Iris se encontraba tumbada en el sofá de su sala de esta, leyendo la revista Ebony[8] y comiéndose una chocolatina. Desde el asalto, la mujer había estado bajo continua vigilancia policíaca. Una matrona permaneció toda la noche en su dormitorio, mientras un detective hacía guardia en la sala de estar. Ahora en el piso había otro detective, como única vigilancia. El hombre tenía órdenes de no perder a Iris de vista. La había seguido de habitación en habitación, custodiando incluso la puerta del cuarto de baño, después de haber sacado de él las hojas de afeitar y todos los instrumentos que la mujer pudiera emplear para herirse a sí misma.
El detective se sentaba frente a ella, en un mullidísimo sillón, hojeando un libro titulado Sexo y raza, de W. G. Rogers. Los otros libros que había en la casa eran La Biblia y La vida de Marcos Garvey. Al hombre no le interesaba Sexo y raza, Garvey tampoco, y La Biblia ya la había leído. Al menos, había leído todo lo que de ella le interesaba.
Estaba aburrido. No le gustaba aquel servicio. Pero el capitán creía que, tarde o temprano, Deke trataría de ponerse en contacto con Iris, o ella con él, y debían tomarse todas las precauciones. El teléfono estaba intervenido, y los operadores tenían orden de localizar cualquier llamada que se produjese. En la calle, a treinta segundos de distancia, había un coche patrulla provisto de radio teléfono y con cuatro detectives en su interior.
El capitán deseaba conseguir a Deke tanto como los condenados al infierno desean agua helada.
Iris arrojó a un lado la revista y se incorporó. Llevaba un vestido de seda estampada y la falda se le subió, mostrando unos suaves muslos color amarillo crema por encima de las medias de nylon.
Al detective se le cayó el libro de las manos.
—¿Por qué diablos no me arrestan y acabamos de una vez? —preguntó Iris, con su vulgar y ronco tono.
La voz de la mujer crispaba los nervios del detective. Y su tosca sensualidad le hacía sentirse incómodo. Él era un hombre amante del hogar, con esposa y tres hijos, y el voluptuoso y perfumado cuerpo de Iris, con sus efluvios sexuales, era un tormento para la sensibilidad del policía, cuya puritana alma se sentía ultrajada por aquel aura de sexo, y cuya perversa imaginación le hacía experimentar una sensación de culpabilidad. Pero el hombre sabía controlarse perfectamente.
—Sólo cumplo órdenes, señorita —dijo en tono suave—. Si desea ir a la comisaría por propia voluntad, la acompañaré.
—¡Mierda! —replicó Iris, mirando al policía con disgusto.
El detective era un hombre alto, pelirrojo, con grandes entradas en el cabello y un poco cargado de hombros.
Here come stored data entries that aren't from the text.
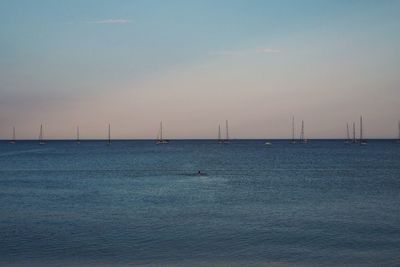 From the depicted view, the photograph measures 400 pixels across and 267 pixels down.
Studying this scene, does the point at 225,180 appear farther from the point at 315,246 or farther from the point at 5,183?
the point at 315,246

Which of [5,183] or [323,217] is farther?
[5,183]

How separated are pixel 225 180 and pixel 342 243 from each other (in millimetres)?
40232

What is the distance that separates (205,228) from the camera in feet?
106

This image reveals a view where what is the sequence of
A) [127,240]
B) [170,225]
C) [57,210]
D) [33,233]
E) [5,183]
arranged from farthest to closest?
[5,183] → [57,210] → [170,225] → [33,233] → [127,240]

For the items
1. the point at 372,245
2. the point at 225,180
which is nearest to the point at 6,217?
the point at 372,245

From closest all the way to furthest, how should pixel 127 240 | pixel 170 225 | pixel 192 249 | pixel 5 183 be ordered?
pixel 192 249, pixel 127 240, pixel 170 225, pixel 5 183

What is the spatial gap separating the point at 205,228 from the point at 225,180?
35605mm

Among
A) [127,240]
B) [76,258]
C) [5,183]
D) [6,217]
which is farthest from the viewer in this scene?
[5,183]

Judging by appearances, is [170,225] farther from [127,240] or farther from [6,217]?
[6,217]

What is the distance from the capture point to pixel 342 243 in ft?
90.9

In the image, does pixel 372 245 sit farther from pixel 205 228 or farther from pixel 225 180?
pixel 225 180

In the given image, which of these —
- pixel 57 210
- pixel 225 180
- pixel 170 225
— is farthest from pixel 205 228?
pixel 225 180

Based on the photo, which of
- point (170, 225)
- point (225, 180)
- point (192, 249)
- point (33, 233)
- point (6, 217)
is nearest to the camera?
point (192, 249)

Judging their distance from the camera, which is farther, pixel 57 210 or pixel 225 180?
pixel 225 180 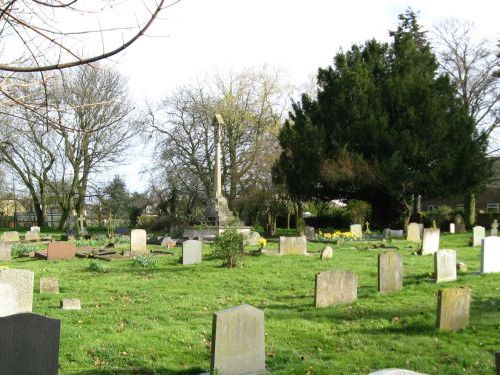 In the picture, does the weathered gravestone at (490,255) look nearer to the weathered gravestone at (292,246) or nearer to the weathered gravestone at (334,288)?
the weathered gravestone at (334,288)

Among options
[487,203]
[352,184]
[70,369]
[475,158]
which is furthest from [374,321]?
[487,203]

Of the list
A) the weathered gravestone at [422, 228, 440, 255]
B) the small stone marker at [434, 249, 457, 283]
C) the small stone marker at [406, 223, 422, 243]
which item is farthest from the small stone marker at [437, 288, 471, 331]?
the small stone marker at [406, 223, 422, 243]

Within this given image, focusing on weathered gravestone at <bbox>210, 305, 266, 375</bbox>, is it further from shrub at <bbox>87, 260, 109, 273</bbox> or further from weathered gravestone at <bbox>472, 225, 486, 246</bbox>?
weathered gravestone at <bbox>472, 225, 486, 246</bbox>

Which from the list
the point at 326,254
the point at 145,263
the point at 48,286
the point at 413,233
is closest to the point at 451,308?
the point at 48,286

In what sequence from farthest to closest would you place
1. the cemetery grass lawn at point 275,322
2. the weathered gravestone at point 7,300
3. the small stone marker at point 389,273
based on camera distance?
the small stone marker at point 389,273
the weathered gravestone at point 7,300
the cemetery grass lawn at point 275,322

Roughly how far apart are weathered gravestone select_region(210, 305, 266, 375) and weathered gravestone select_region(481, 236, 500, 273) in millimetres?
8873

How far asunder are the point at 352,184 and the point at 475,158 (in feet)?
23.0

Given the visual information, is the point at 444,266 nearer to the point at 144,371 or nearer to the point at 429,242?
the point at 429,242

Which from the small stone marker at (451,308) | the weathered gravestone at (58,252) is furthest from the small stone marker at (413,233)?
the small stone marker at (451,308)

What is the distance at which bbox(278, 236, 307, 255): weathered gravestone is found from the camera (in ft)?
66.2

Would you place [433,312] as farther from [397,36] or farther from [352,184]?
[397,36]

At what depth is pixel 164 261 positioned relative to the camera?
19.0 meters

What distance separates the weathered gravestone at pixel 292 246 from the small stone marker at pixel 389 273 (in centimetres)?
789

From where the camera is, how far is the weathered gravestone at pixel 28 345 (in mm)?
5965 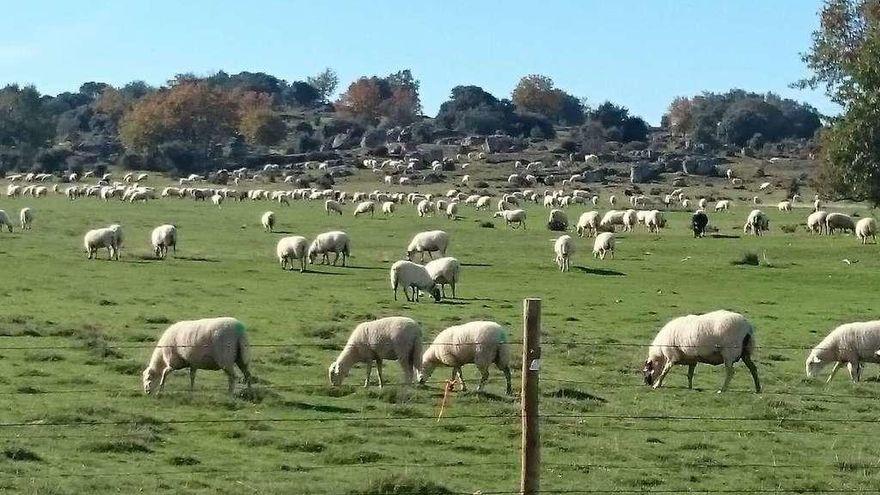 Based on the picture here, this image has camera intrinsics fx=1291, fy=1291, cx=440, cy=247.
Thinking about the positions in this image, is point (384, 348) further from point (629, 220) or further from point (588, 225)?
point (629, 220)

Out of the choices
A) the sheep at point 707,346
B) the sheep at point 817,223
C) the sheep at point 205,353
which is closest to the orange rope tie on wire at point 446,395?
the sheep at point 205,353

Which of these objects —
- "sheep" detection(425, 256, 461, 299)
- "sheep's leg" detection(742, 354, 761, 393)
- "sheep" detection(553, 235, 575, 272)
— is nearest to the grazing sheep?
"sheep" detection(553, 235, 575, 272)

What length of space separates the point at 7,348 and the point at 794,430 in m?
12.6

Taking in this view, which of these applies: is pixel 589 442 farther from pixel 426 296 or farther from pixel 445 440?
pixel 426 296

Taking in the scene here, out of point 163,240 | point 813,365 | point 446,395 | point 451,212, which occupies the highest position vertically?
point 451,212

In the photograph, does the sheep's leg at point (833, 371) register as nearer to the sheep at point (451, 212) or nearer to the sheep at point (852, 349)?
the sheep at point (852, 349)

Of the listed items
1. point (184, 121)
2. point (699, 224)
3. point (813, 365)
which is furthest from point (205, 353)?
point (184, 121)

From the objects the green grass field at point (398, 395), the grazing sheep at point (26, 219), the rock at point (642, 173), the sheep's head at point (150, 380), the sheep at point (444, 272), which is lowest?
the green grass field at point (398, 395)

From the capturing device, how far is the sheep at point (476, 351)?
1900 centimetres

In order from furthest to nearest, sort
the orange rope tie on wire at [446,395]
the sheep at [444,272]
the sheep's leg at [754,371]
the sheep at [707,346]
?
the sheep at [444,272], the sheep at [707,346], the sheep's leg at [754,371], the orange rope tie on wire at [446,395]

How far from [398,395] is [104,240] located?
1071 inches

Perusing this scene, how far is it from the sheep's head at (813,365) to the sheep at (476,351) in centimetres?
549

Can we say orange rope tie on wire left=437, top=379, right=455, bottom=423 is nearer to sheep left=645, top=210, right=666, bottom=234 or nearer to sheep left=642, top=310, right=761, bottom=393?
sheep left=642, top=310, right=761, bottom=393

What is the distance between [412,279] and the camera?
3347 centimetres
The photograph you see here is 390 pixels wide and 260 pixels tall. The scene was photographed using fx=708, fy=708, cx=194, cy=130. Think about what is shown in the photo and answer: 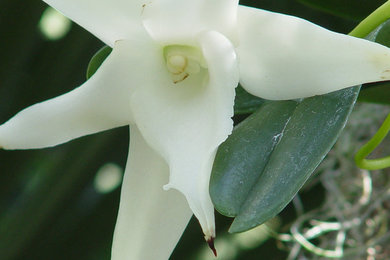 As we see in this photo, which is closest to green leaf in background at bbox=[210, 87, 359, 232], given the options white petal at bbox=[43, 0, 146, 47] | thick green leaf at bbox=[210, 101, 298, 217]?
thick green leaf at bbox=[210, 101, 298, 217]

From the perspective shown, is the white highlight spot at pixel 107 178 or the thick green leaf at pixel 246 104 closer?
the thick green leaf at pixel 246 104

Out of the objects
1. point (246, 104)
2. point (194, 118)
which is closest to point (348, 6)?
point (246, 104)

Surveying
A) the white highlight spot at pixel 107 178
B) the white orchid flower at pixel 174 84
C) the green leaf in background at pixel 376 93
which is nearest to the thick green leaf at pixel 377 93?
the green leaf in background at pixel 376 93

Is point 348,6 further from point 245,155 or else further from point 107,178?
point 107,178

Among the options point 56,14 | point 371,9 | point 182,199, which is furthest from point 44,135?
point 56,14

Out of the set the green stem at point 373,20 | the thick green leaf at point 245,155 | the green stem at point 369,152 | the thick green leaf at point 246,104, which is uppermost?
the green stem at point 373,20

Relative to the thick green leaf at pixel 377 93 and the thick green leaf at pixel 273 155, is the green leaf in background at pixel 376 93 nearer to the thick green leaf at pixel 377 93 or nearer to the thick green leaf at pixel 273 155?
the thick green leaf at pixel 377 93

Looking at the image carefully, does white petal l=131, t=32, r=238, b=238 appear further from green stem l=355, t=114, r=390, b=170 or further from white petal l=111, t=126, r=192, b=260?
green stem l=355, t=114, r=390, b=170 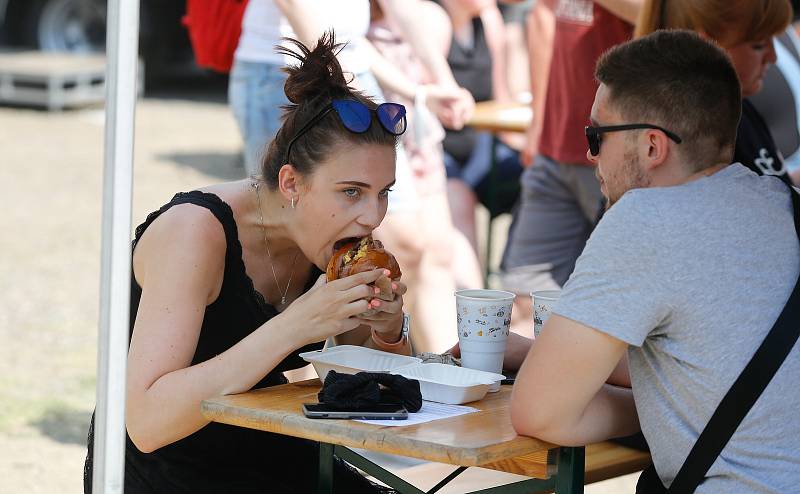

Su pequeño rostro y los grandes y separadísimos ojos le prestaban una apariencia simiesca, y su pálida piel estaba moteada por grandes pecas morenas. Iba de paisano y tenía el aspecto de que el sueldo le venía corto.
Iris le miró con ojo crítico.
—Si no fueras tan cochinamente feo, al menos podríamos matar el tiempo haciendo el amor —dijo.
El hombre comenzaba a sospechar que su falta de atractivos fue lo que decidió al capitán a utilizarle para aquella misión, y eso hacía que se sintiera picado en su amor propio. Sin embargo, se limitó a sonreír y dijo, en tono de broma:
—Pues me taparé la cabeza con una bolsa.
Iris comenzó a sonreír y pareció tomar una repentina decisión. Su rostro era espejo de sus pensamientos.
—De acuerdo —dijo, poniéndose en pie.
El hombre pareció alarmado.
—Era sólo una broma —dijo estúpidamente.
—Iré a desnudarme y luego tú entras sin que de tu cara asome más que los ojos y la boca.
El policía sonrió, turbado.
—Ya sabe que no puedo hacer eso.
—¿Por qué no? —preguntó ella—. Nunca te has acostado con nadie como yo.
El hombre enrojeció como si le hubieran prendido fuego. Parecía un niño atrapado haciendo algo que no debía.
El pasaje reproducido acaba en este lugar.